Perhaps inspired by the REG_CFA_REGISTER name for the RTL note ;-)

> The CR2 thing is a long-standing convention for frame info about CR, a
> wart fixed by ELFv2.  See elsewhere

That ELFv2 fix is why I still haven't submitted the separate shrink-wrapping
for CR fields code -- it complicates things a lot :-/

> I'l go with:
> 
>   /* If we see CR2 then we are here on a Darwin world save.  Saves of
>  CR2 signify the whole CR is being saved.  This is a long-standing
>  ABI wart fixed by ELFv2.  As for r0/lr there is no need to check
>  that CR needs to be saved.  */

That is fine, thanks again.


Segher


Re: [RS6000] PR 80938, Don't emit eh_frame for regs that don't need saving

2017-08-16 Thread Alan Modra
On Wed, Aug 16, 2017 at 06:23:13PM -0500, Segher Boessenkool wrote:
> Hi!
> 
> On Wed, Aug 16, 2017 at 08:05:04AM +0930, Alan Modra wrote:
> > Repost with requested changes.  I've extracted the logic that omits
> > frame saves from rs6000_frame_related to a new function, because it's
> > easier to document that way.  The logic has been simplified a little
> > too: fixed_reg_p doesn't need to be called there.
> > 
> > PR target/80938
> > * config/rs6000/rs6000.c (rs6000_savres_strategy): Revert 2017-08-09.
> > Don't use store multiple if only one reg needs saving.
> > (interesting_frame_related_regno): New function.
> > (rs6000_frame_related): Don't emit eh_frame for regs that
> > don't need saving.
> > (rs6000_emit_epilogue): Likewise.
> 
> It's not just eh_frame, it's all call frame information.

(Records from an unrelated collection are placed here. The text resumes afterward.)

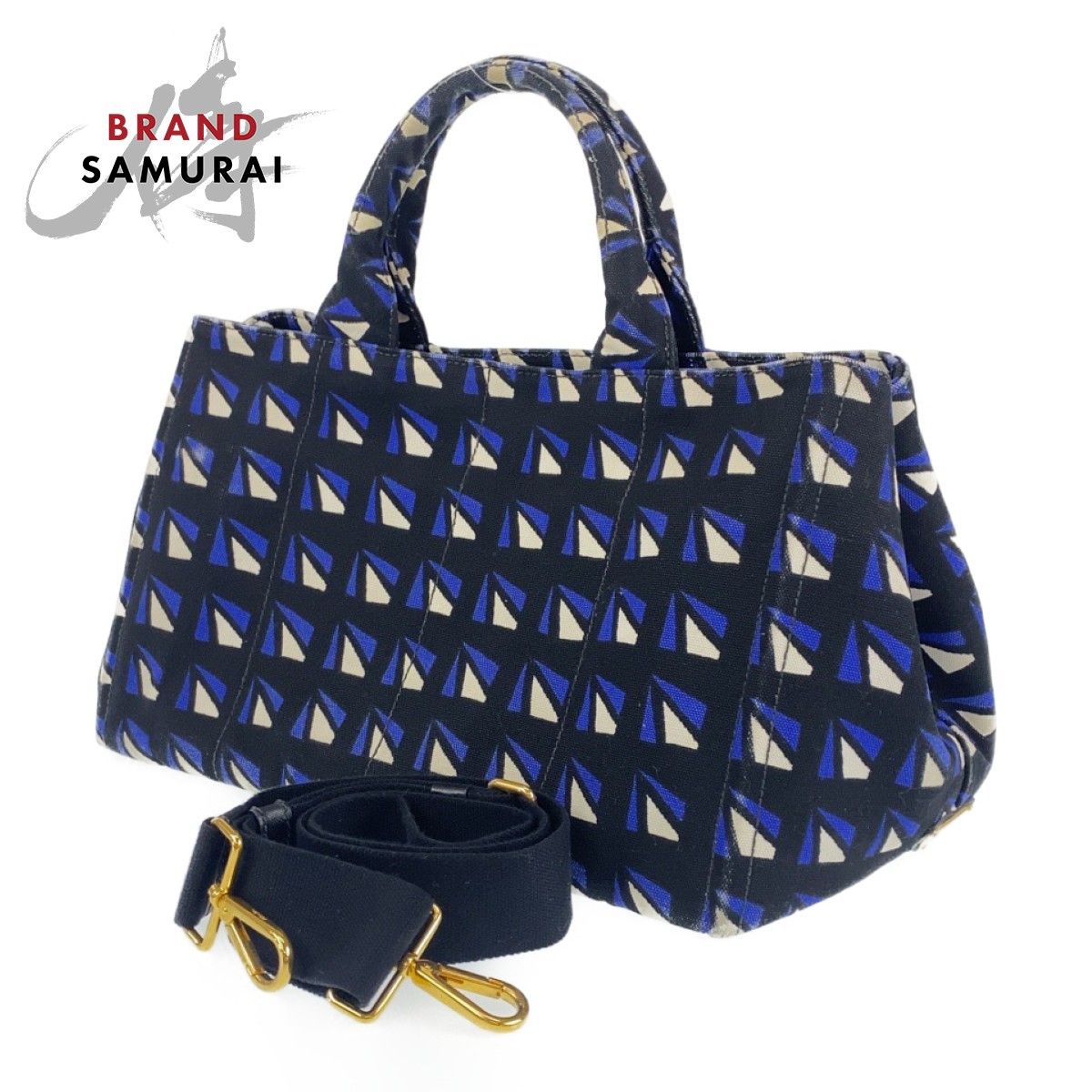 PRADA プラダ カナパ ブラック ブルー ホワイト キャンバス 2way 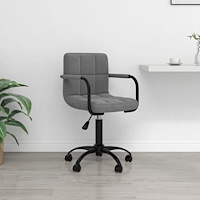 vidaXL Snurrbar kontorsstol mörkgrå sammet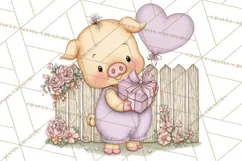 Valentine Farm Clipart PNG, Barnyard Valentine Props, Kids Product Image 4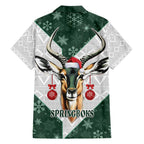 South Africa Springboks Christmas Family Matching Short Sleeve Bodycon Dress and Hawaiian Shirt Bokke Santa - Geseende Kersfees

Sure, I meant to fix that.

> > +/* This function is called when rs6000_frame_related is processing
> > +   SETs within a PARALLEL, and returns whether the REGNO save ought to
> > +   be marked RTX_FRAME_RELATED_P.  The PARALLELs involved are those
> > +   for out-of-line register save functions, store multiple, and the
> > +   Darwin world_save.  They may contain registers that don't really
> > +   need saving.  */
> > +
> > +static bool
> > +interesting_frame_related_regno (unsigned int regno)
> > +{
> > +  /* Saves apparently of r0 are actually saving LR.  */
> > +  if (regno == 0)
> > +return true;
> > +  /* If we see CR2 then we are here on a Darwin world save.  Saves of
> > + CR2 signify the whole CR is being saved.  */
> > +  if (regno == CR2_REGNO)
> > +return true;
> > +  /* Omit frame info for any user-defined global regs.  If frame info
> > + is supplied for them, frame unwinding will restore a user reg.
> > + Also omit frame info for any reg we don't need to save, as that
> > + bloats eh_frame and can cause problems with shrink wrapping.
> > + Since global regs won't be seen as needing to be saved, both of
> > + these conditions are covered by save_reg_p.  */
> > +  return save_reg_p (regno);
> > +}
> 
> The function name isn't so great, doesn't say what it does at all.  Not
> that I can think of anything better.
> 
> Maybe whatever is creating those instructions should set RTX_FRAME_RELATED_P
> by itself?  Not sure if that is nicer.
> 
> Both this CR2 and R0 handling are pretty nasty hacks.  Could you add a
> comment saying that?

I wouldn't say the R0 handling is a nasty hack at all.  You can't save
LR directly, storing to the stack must go via a gpr.  I'm 100% sure
you know that, and so would anyone else working on powerpc gcc
support.  It so happens that we use r0 in every case we hit this 
code.  *That* fact is commented.  I don't really know what else you
want.  Hmm, maybe I'm just too close to this code.  I'll go with
expounding some of the things known, as follows. 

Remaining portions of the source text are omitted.